ALLi graphic of number of books. See the full post here.
Seth Godin’s The Dip
Image from project life mastery.
It comes as no surprise to me that the recent ALLi survey shows an identical growth curve as Seth Godin’s The Dip. The graph shows that a huge number of authors have less than 20 books, varying percentages have 1-2 then 5-10 then 10-20. Then there’s a very small percentage that have 20-30. After that, a large percentage have 30+.
So the graph shows this beautiful bell curve and then a sharp incline up as we surpass 30 books.
Why?
Because staying and persisting through the hardest part of business growth is vital. It’s demoralising to have 20 books and not have a bank account represents that. And yet, just a few more books and suddenly we’re out of the dip.
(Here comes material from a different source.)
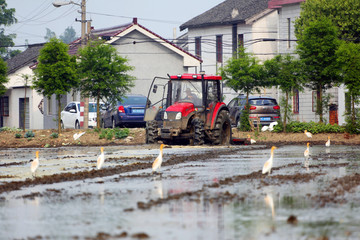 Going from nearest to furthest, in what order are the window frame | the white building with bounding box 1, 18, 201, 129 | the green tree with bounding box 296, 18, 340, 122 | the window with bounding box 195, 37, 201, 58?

I am in a dip of sorts. Certainly, by the standards of number of books published I am in the small percentage of 21-30. The only way out is through. I will make it to 30+ books.
You have to stay strong. You have to keep going.
It’s at this time of year, when I reflect on where I came from. When I remember the agonising pain I went through day after day in corporate. The hurt, the isolation. The crushing of creativity and the desperate clinging to the hope that there was something more. That I reconnect with my overwhelming gratitude.
I cannot believe the change in one year. I reread last year’s lessons and it feels like a different person wrote that. I am more grounded, more me, more present than I think I’ve ever been. I have always been a meliorist. I have faith for every one listening. I truly believe that creativity is the seat of humanity’s hope. I believe that creativity will save us all. One by one. Writer, by artist, by sculptor, by inventor, by engineer.
One by one, we will rebel and find our truth, our calling and piece by piece the creatives of the world will repair our society. If you’re listening, if you’re doubting your work and your words. Don’t.
The world needs your words. There is a girl who needs the story about the fairy and the dragon. There’s an engineer who needs the story about the spy infiltrating a network.
Words change lives. They change hearts and souls and minds.
I will never relinquish this feeling of thankfulness. It’s a certainty that fills the marrow in my bones and tells me that no matter how hard the daily grind is, no matter how exhausted I am, no matter how long it takes, I am on the road to freedom and you are too.